INFORMATION PROVIDED:
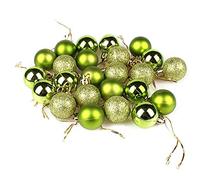 LUXTE 24PCS Christmas Ball Ornaments with Strings - 30mm/1.18-Inch Mini Shatterproof Plastic Christmas Bulbs Baubles, Ball Decoration Ornaments for Xmas Tree Birthday Wedding Party (Green)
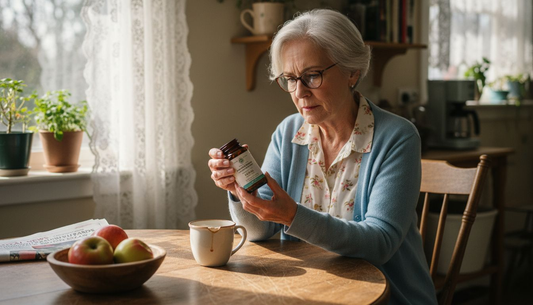 Senior woman examines mushroom supplement bottle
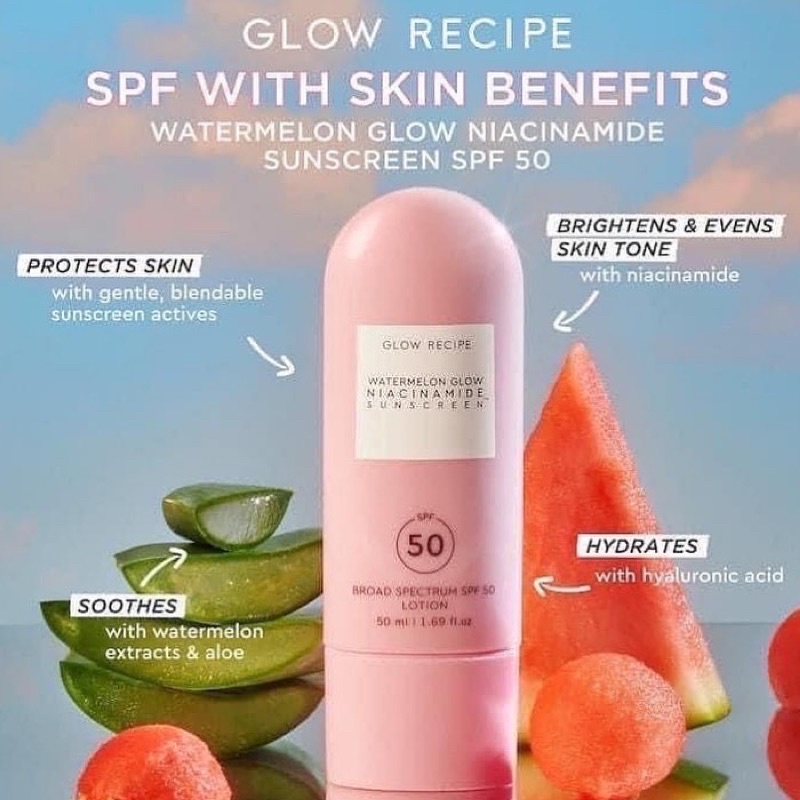 Kem chống nắng bảo vệ da Glow Recipe Watermelon Glow Niacinamide Sunscreen SPF50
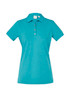 A short sleeve polo shirt in teal with a collar and buttons, featuring a logo.
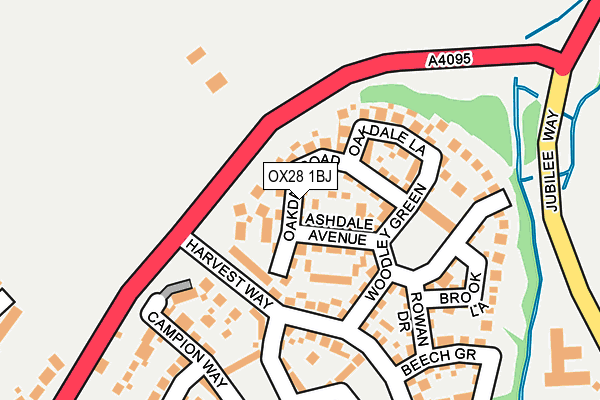 OX28 1BJ map - OS OpenMap – Local (Ordnance Survey)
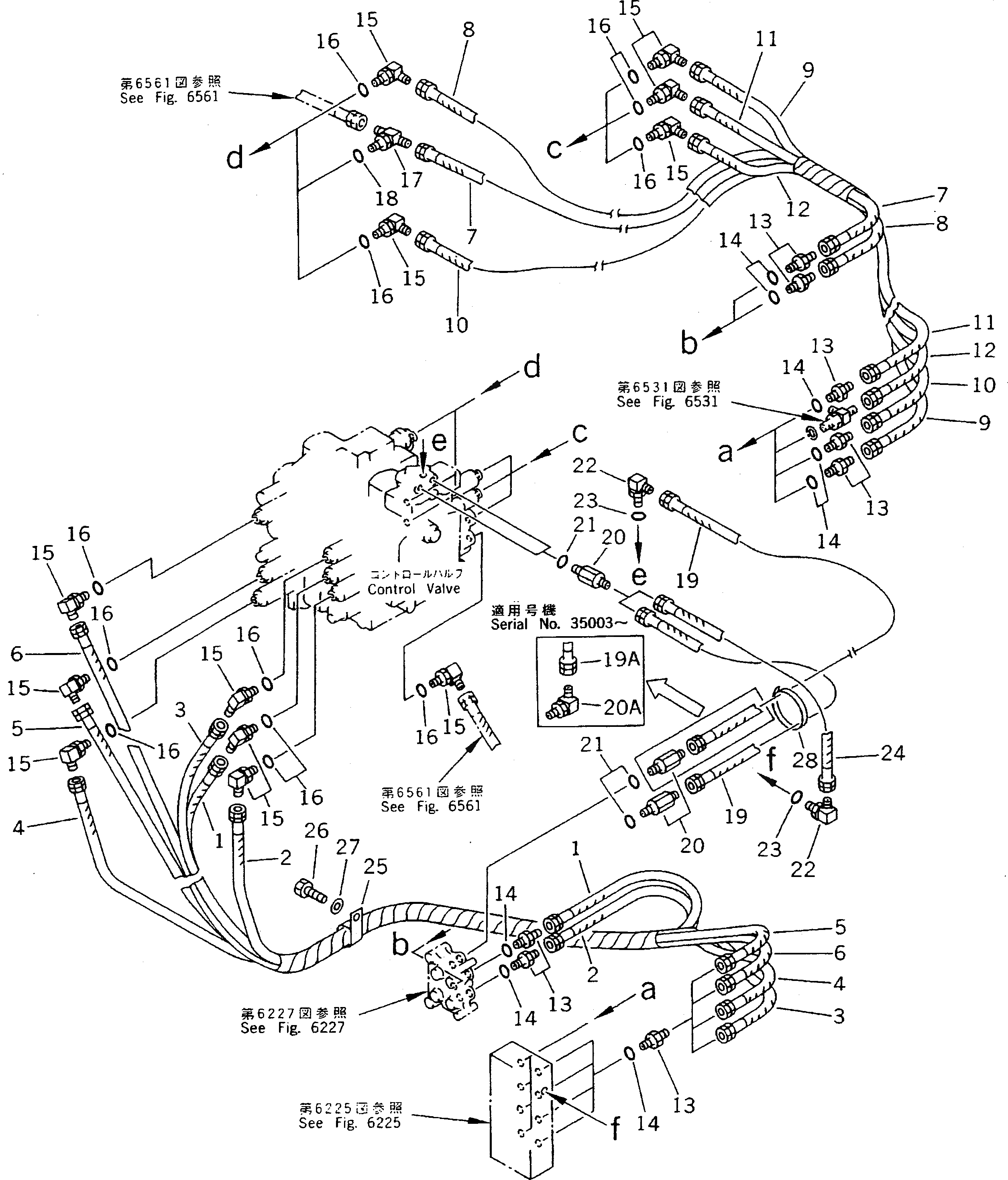 Схема запчастей Komatsu PC220-5 - P.P.C. КЛАПАН ТРУБЫ (РАСПРЕДЕЛИТ. КЛАПАН TO/FROM УПРАВЛЯЮЩ. КЛАПАН)(№-) УПРАВЛ-Е РАБОЧИМ ОБОРУДОВАНИЕМ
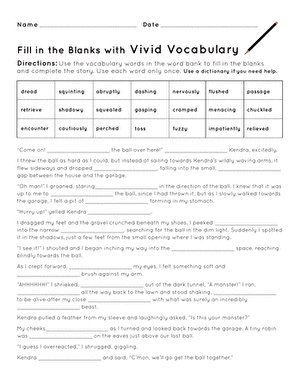 Fifth grade students completing a fill in the blank worksheet to enhance their vocabulary skills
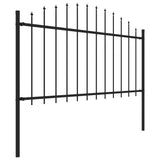 Recinzione Giardino Punta a Lancia (1,25-1,5)x3,4m Acciaio Nero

WHAT YOU NEED TO DO:
Transcribe exactly the portion of the material above that runs from the line containing "Kem chống nắng" through its last line, omitting all pictures.

ANSWER FOR THIS EXERCISE:
 Kem chống nắng bảo vệ da Glow Recipe Watermelon Glow Niacinamide Sunscreen SPF50
 A short sleeve polo shirt in teal with a collar and buttons, featuring a logo.
 OX28 1BJ map - OS OpenMap – Local (Ordnance Survey)
 Схема запчастей Komatsu PC220-5 - P.P.C. КЛАПАН ТРУБЫ (РАСПРЕДЕЛИТ. КЛАПАН TO/FROM УПРАВЛЯЮЩ. КЛАПАН)(№-) УПРАВЛ-Е РАБОЧИМ ОБОРУДОВАНИЕМ
 Fifth grade students completing a fill in the blank worksheet to enhance their vocabulary skills
 Recinzione Giardino Punta a Lancia (1,25-1,5)x3,4m Acciaio Nero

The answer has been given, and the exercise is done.